On another note, I had to do a double take to verify which forum I was in - you wrote "shodan" instead of the Korean "chodan".  Threw me at first.


----------



## terryl965 (Aug 14, 2009)

Great John congrats to the both of you....


----------



## Miles (Sep 1, 2009)

Congratulations to both of you!


----------



## MBuzzy (Sep 1, 2009)

Congrats!  What a great accomplishment!


----------



## CDKJudoka (Dec 4, 2009)

Congrats!!!

I have been looking for a TSD dojang around here, but no luck. Mayhaps I should move to Hawa'ii perhaps.


----------



## Makalakumu (Dec 4, 2009)

DarkPhoenix said:


> Congrats!!!
> 
> I have been looking for a TSD dojang around here, but no luck. Mayhaps I should move to Hawa'ii perhaps.

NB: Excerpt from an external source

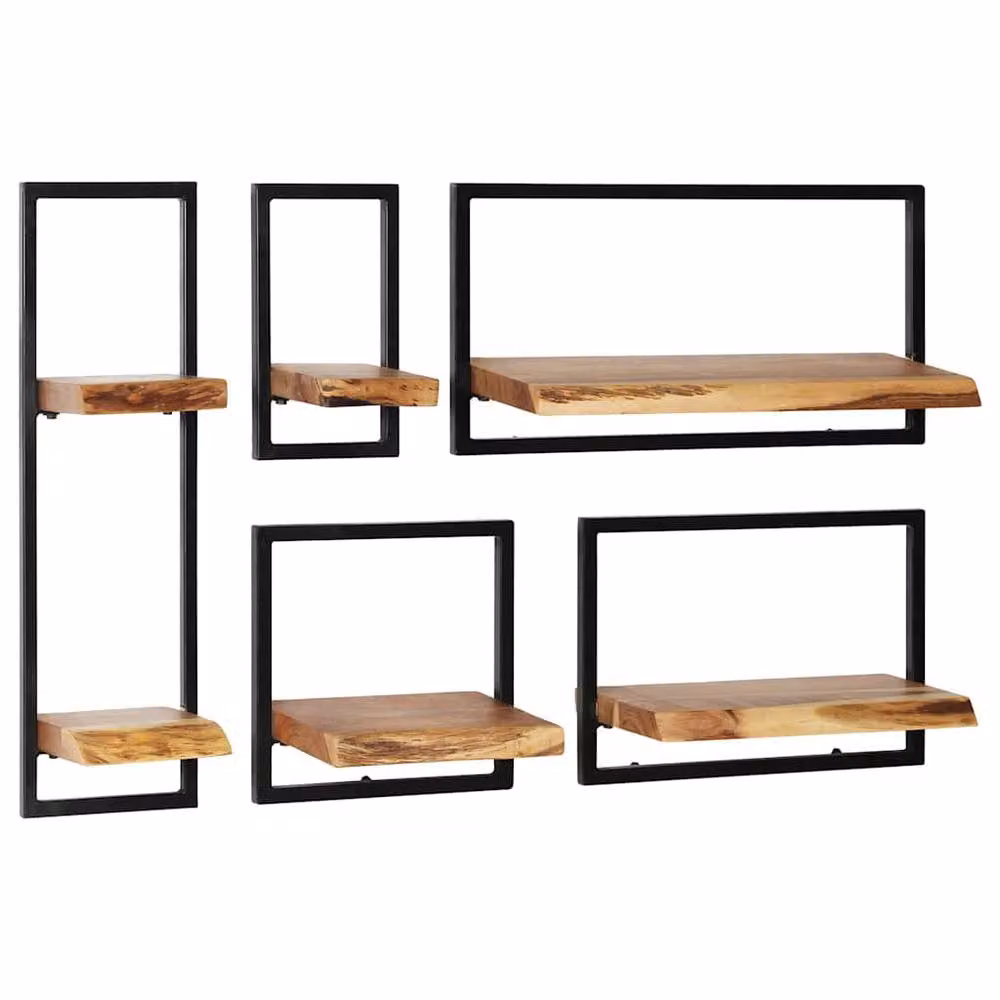 Berkfield Home 5 Piece Set of Industrial Wall Mounted Shelves in Brown Acacia Wood and Steel – 2
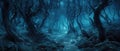 Dark scary creepy woods, path in spooky fairy tale forest at night. Landscape with dry trees and blue mystic light. Concept of Royalty Free Stock Photo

LOL!  Maybe!  Mahalo nui loa everyone!


----------



## Tensei85 (Dec 6, 2009)

Thats great! Congrats to both of you


----------



## dbell (Dec 6, 2009)

Congrats, major milestone for both of you!  Looking forward to hearing of the next!!


----------



## jks9199 (Dec 6, 2009)

Congratulations!  Belated though they may be..


----------



## tshadowchaser (Dec 7, 2009)

Congratulations to you and your student


----------



## Meghann1965 (Dec 7, 2009)

Congratulations to you and Novitiate!!!


----------



## msmitht (Dec 26, 2009)

Congrats!! Curious...why did you use Japanese terminology. I mean other than the obvious reason that TSD came from Shotokan. Shouldn't it be "chodan" or "Il Dan"?


----------



## Makalakumu (Dec 26, 2009)

msmitht said:


> Congrats!! Curious...why did you use Japanese terminology. I mean other than the obvious reason that TSD came from Shotokan. Shouldn't it be "chodan" or "Il Dan"?



The terminology isn't such a big issue for me.  In class, I tend to mix and match.  IMO, this reflects TSD's nature as a martial art.  It's grabbed from here and there and is very eclectic!


----------